==== Data for this task

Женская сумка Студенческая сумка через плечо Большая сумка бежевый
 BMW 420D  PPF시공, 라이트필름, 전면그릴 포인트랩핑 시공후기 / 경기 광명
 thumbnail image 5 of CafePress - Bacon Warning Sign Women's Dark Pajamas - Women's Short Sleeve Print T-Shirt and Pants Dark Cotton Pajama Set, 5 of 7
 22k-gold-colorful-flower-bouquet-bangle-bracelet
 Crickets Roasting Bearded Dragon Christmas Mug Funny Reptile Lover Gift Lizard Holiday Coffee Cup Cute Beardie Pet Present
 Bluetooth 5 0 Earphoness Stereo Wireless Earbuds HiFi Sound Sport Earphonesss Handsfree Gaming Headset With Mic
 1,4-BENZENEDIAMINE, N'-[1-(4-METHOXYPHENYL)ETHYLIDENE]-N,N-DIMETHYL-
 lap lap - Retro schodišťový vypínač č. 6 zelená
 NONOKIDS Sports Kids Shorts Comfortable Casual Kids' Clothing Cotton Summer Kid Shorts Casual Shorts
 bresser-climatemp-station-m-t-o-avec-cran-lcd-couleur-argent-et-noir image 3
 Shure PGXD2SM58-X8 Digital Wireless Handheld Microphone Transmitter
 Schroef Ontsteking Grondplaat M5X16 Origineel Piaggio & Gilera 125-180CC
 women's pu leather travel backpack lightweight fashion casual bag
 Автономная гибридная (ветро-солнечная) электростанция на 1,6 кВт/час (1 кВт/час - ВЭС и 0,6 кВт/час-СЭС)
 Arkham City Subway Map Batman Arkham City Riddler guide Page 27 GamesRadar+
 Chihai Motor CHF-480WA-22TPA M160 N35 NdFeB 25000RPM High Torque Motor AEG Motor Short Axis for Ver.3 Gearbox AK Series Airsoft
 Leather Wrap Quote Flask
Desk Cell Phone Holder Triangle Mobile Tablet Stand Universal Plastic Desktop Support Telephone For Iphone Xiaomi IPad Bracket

========

* Exercise goal *
For the records above, state the number of lines holding the string "image", without further comment.

* Answer to this problem *
2